(Stored data entries)
______________________________

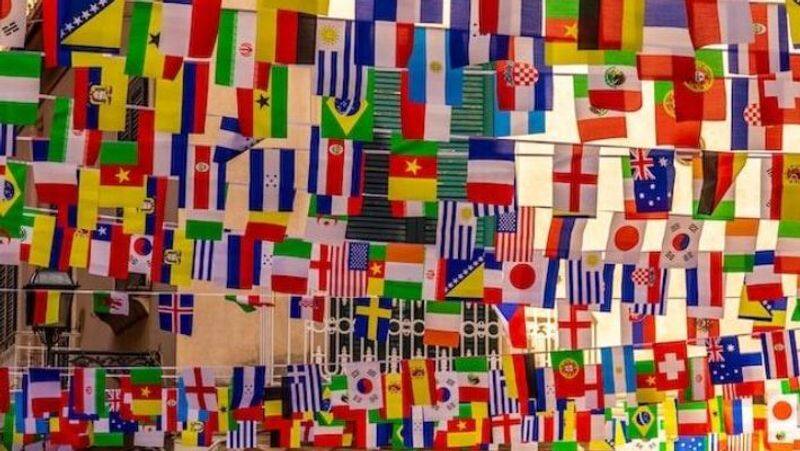 Tamil Nadu Toddler Identifies Flags of 197 Countries in 4 Minutes Sets new Record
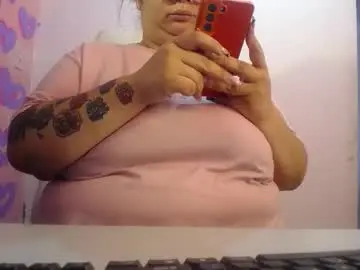 Chaturbate Adult Webcam of kathybigboobsbbw_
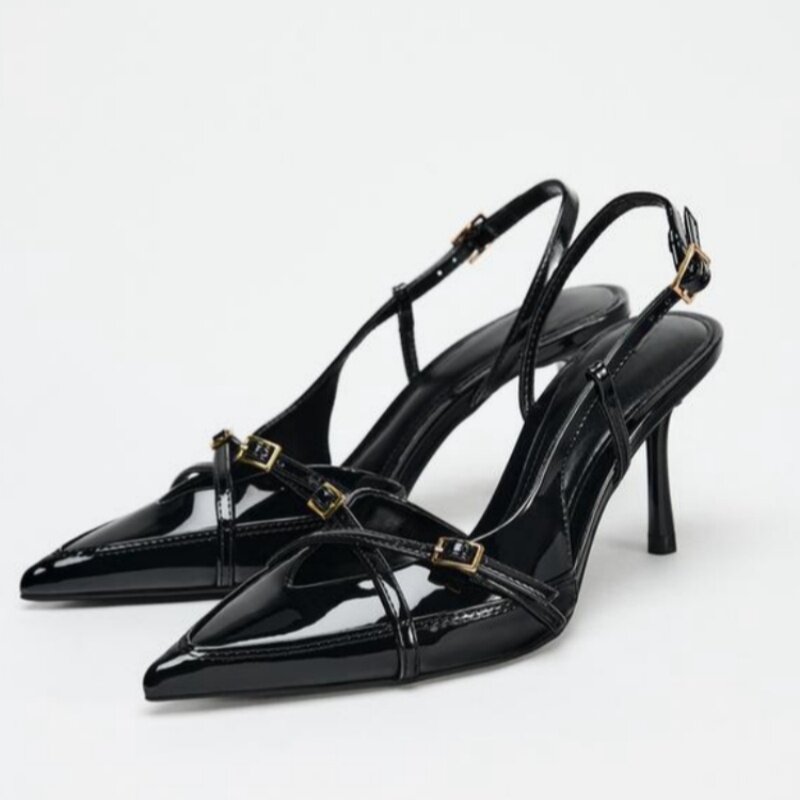 New Brand Summer Pointed Toe W - Summer Clothing On Sale avaliação e preço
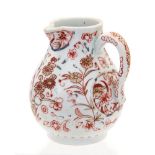 East India Company chocolate jug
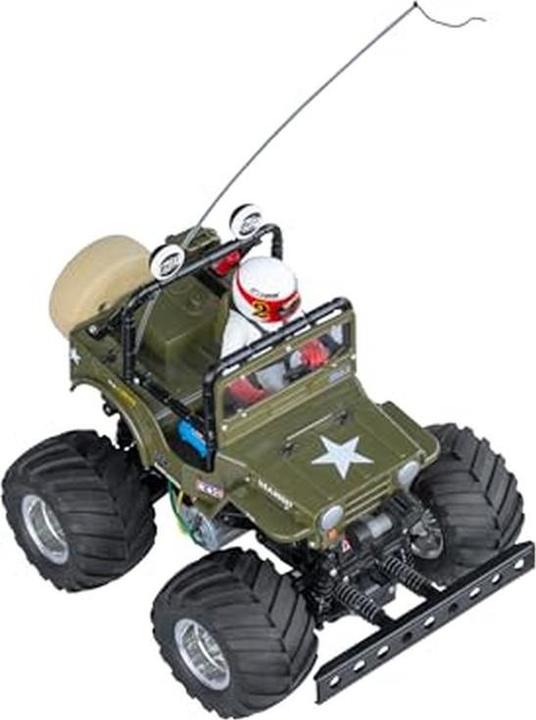 Produktbild Tamiya Wild Willy 2000 (Kit)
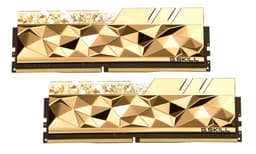 G.Skill Trident Z Royal F4-4266C19D-64GTEG muistimoduuli 64 GB 2 x 32 GB DDR4 4266 MHz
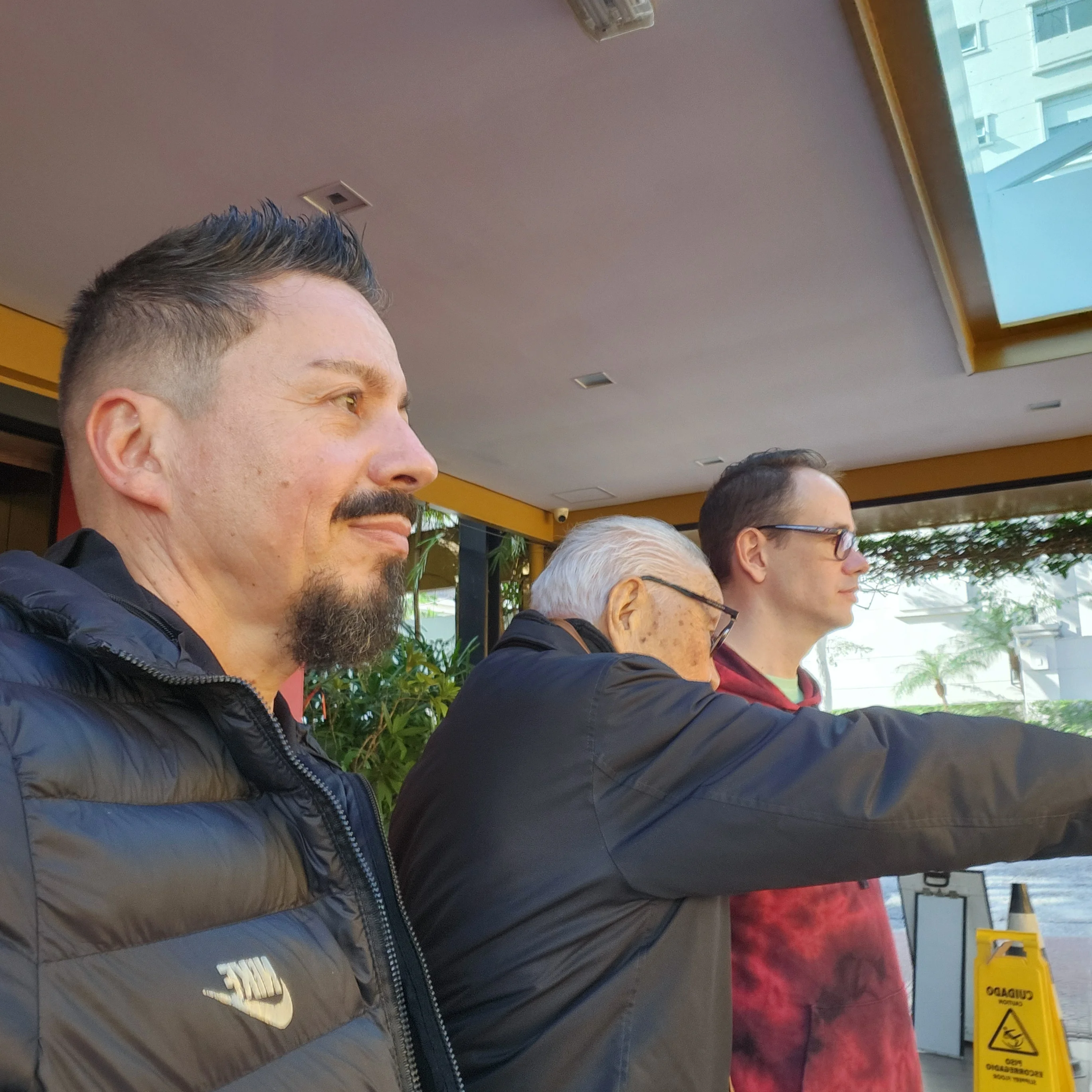 Vida Kung Fu Niterói com Sifu Monnerat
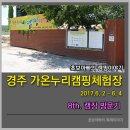 가온누리 캠핑체험장 이미지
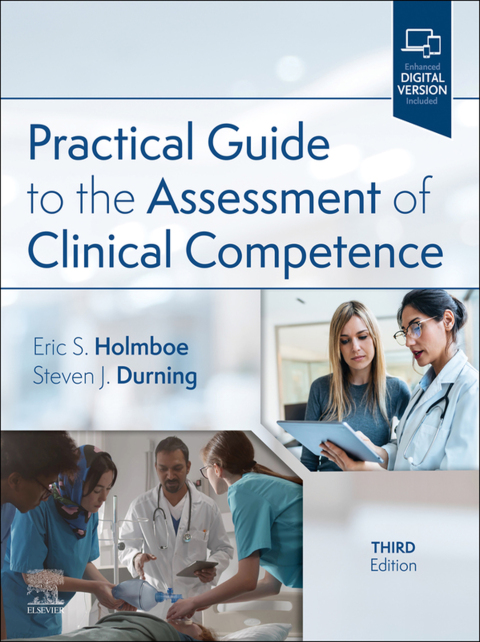 Cover image for book Practical Guide to the Assessment of Clinical  Competence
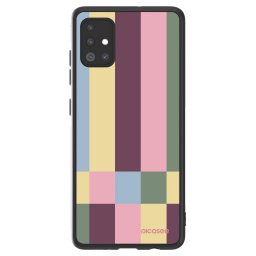 ULTIMATE CASE Samsung Galaxy A51 A515F - készülékre - Lobby tiles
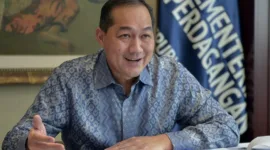 Mantan Menteri Perdagangan Muhammad Lutfi. (Dok. Kemendag.go.id)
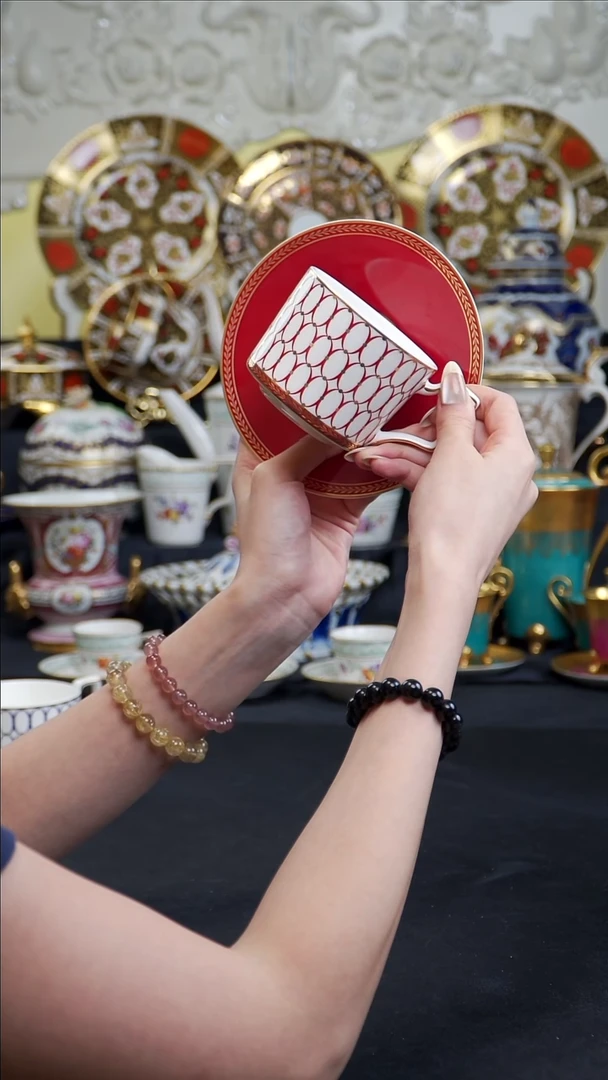 骨瓷婷婷中古器物如图所示7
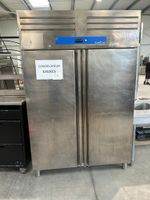 Armoire réfrigérée négative Eurochef, dimensions : 131x84x20…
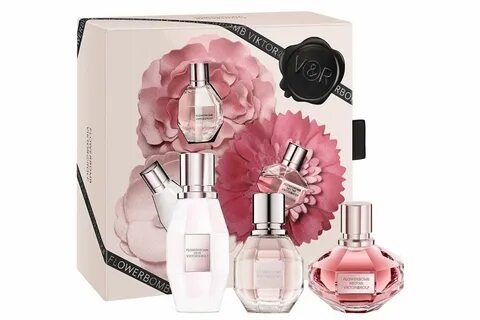 Viktor rolf flowerbomb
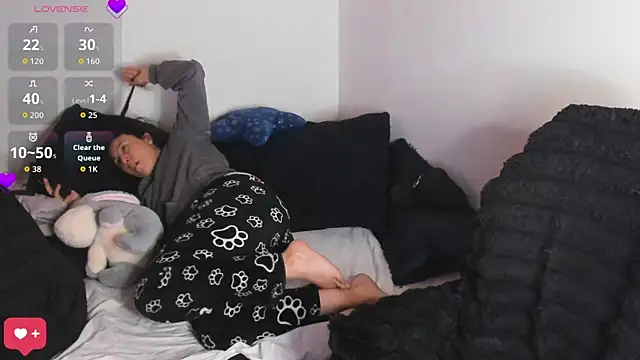 Živý XXX chat bonnie_moon_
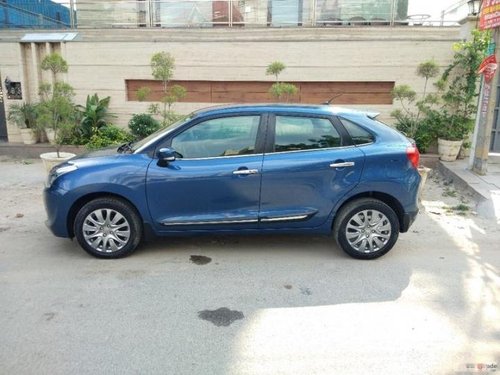 Used 2017 Maruti Suzuki Baleno for sale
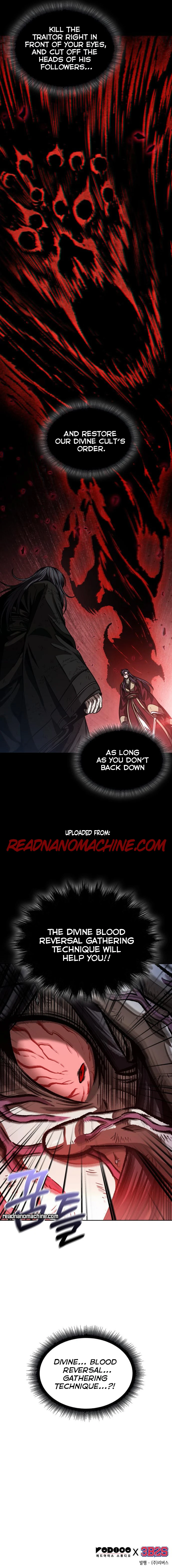 Read Nano Machine EN Manga Online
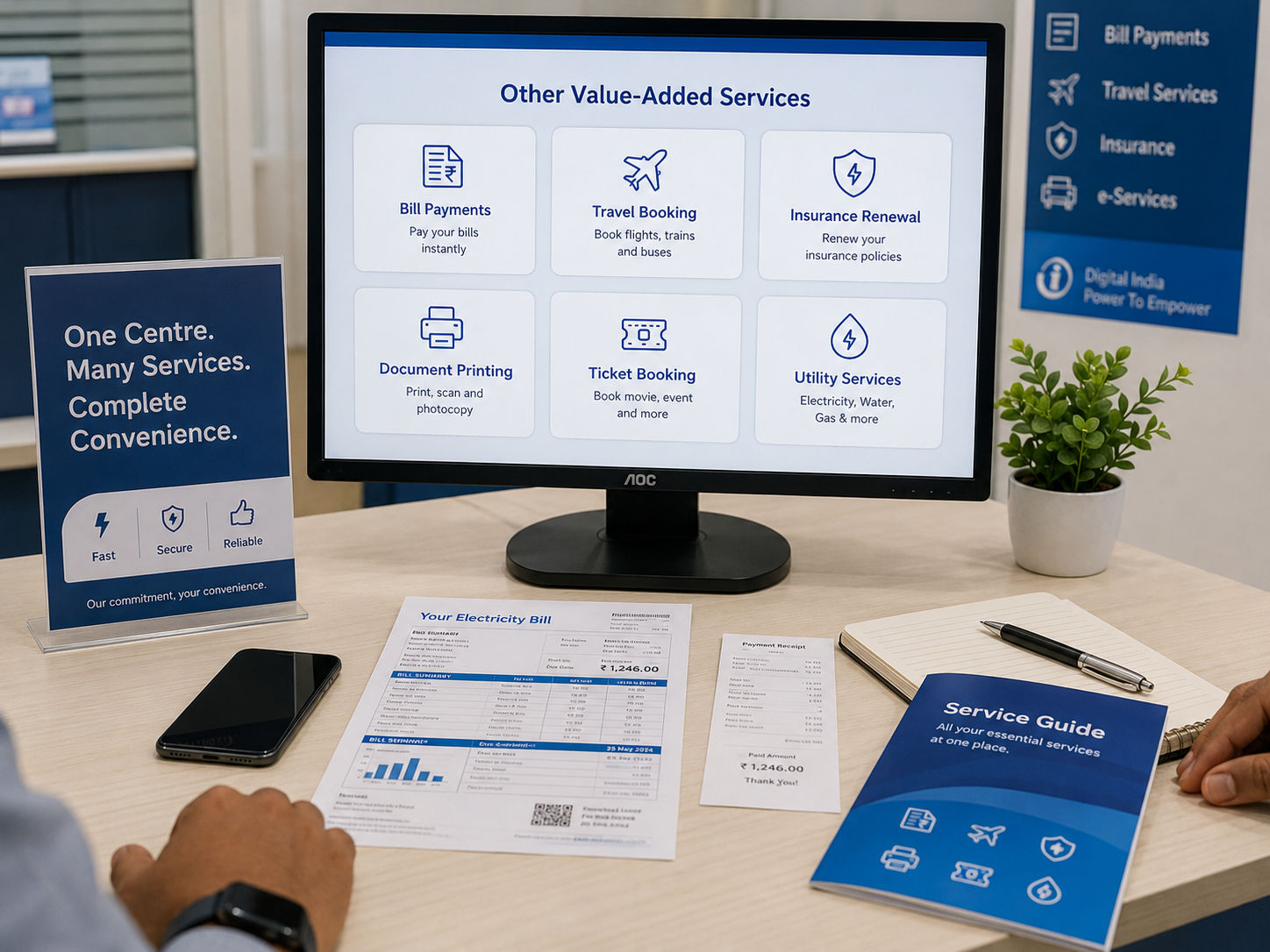 Other Value Added Services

______________________________

● Task description
The records above should be written out in full and unchanged, except that pictures are dropped.

● Solution to this problem
 Tamil Nadu Toddler Identifies Flags of 197 Countries in 4 Minutes Sets new Record
 Chaturbate Adult Webcam of kathybigboobsbbw_
 New Brand Summer Pointed Toe W - Summer Clothing On Sale avaliação e preço
 East India Company chocolate jug
 Produktbild Tamiya Wild Willy 2000 (Kit)
 G.Skill Trident Z Royal F4-4266C19D-64GTEG muistimoduuli 64 GB 2 x 32 GB DDR4 4266 MHz
 Vida Kung Fu Niterói com Sifu Monnerat
 가온누리 캠핑체험장 이미지
 Cover image for book Practical Guide to the Assessment of Clinical  Competence
 ULTIMATE CASE Samsung Galaxy A51 A515F - készülékre - Lobby tiles
 Mantan Menteri Perdagangan Muhammad Lutfi. (Dok. Kemendag.go.id)
 骨瓷婷婷中古器物如图所示7
 Armoire réfrigérée négative Eurochef, dimensions : 131x84x20…
 Viktor rolf flowerbomb
 Živý XXX chat bonnie_moon_
 Used 2017 Maruti Suzuki Baleno for sale
 Read Nano Machine EN Manga Online
 Other Value Added Services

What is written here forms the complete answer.